Work to be completed
Could you write out, exactly as they stand, only the lines in the listing below from the line with "Slip on leather Vans" to the line with "Aerial view of", both ends included, without the pictures?

----- Materials provided -----

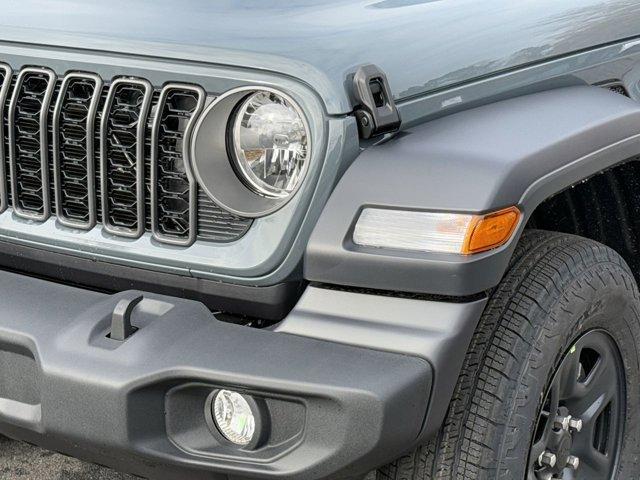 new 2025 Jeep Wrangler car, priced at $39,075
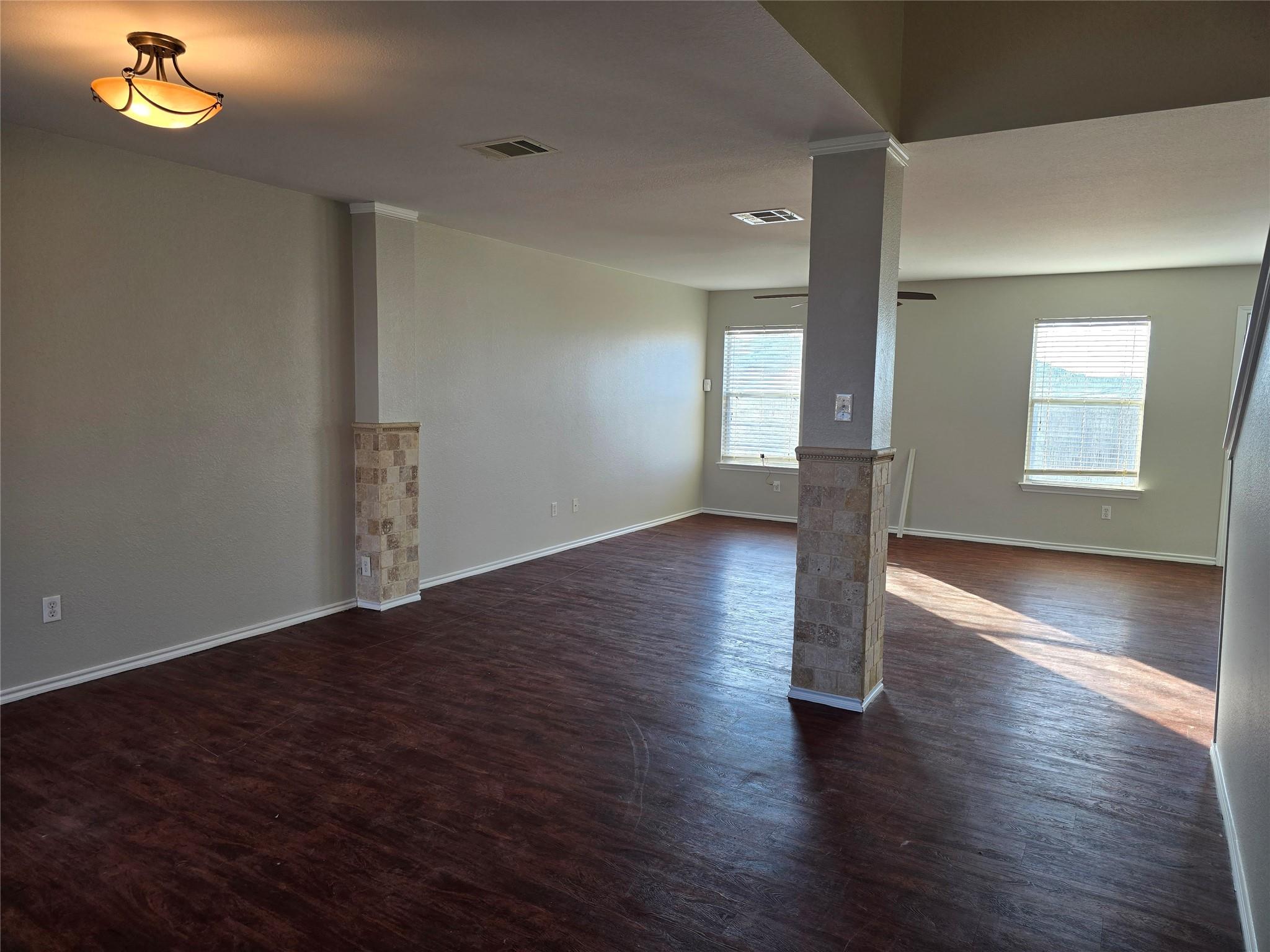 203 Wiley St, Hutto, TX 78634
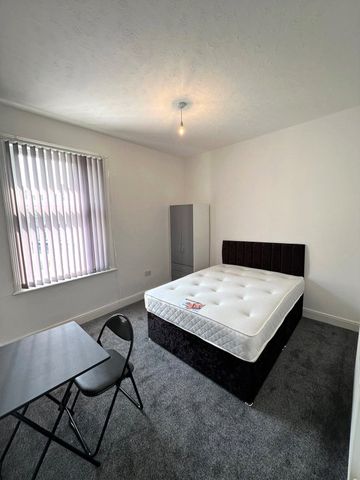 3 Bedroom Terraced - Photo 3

-----
----- Materials provided -----

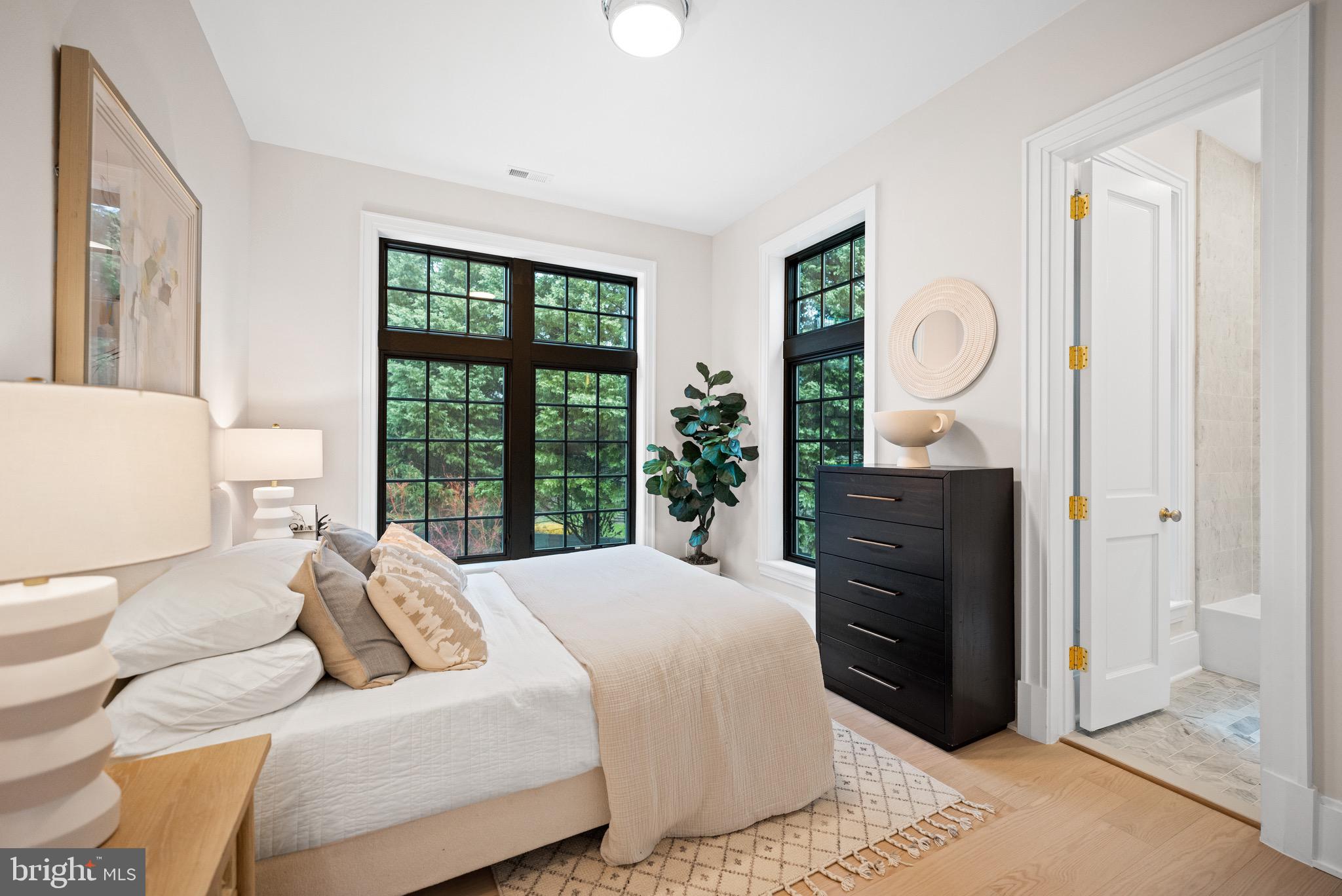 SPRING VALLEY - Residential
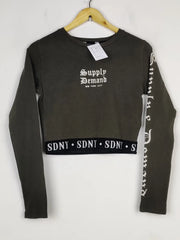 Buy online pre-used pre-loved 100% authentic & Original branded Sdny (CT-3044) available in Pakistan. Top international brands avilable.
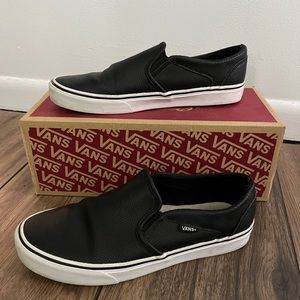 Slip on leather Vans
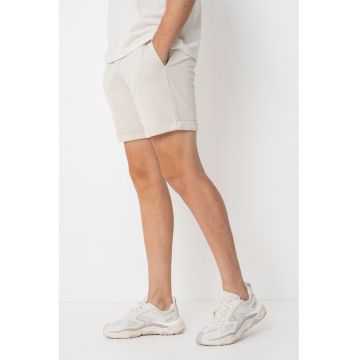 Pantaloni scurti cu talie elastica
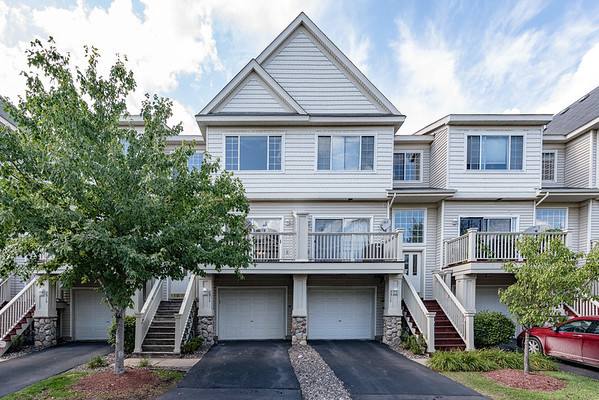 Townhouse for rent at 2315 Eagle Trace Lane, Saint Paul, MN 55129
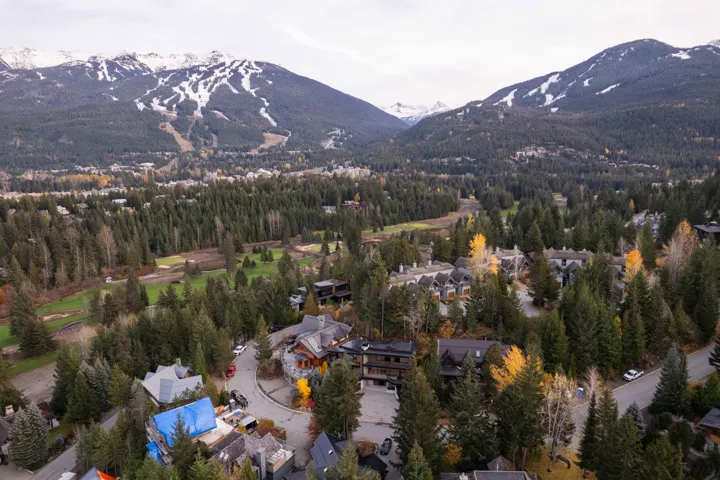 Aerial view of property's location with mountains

-----

Your solution
 Slip on leather Vans
 Pantaloni scurti cu talie elastica
 Townhouse for rent at 2315 Eagle Trace Lane, Saint Paul, MN 55129
 Aerial view of property's location with mountains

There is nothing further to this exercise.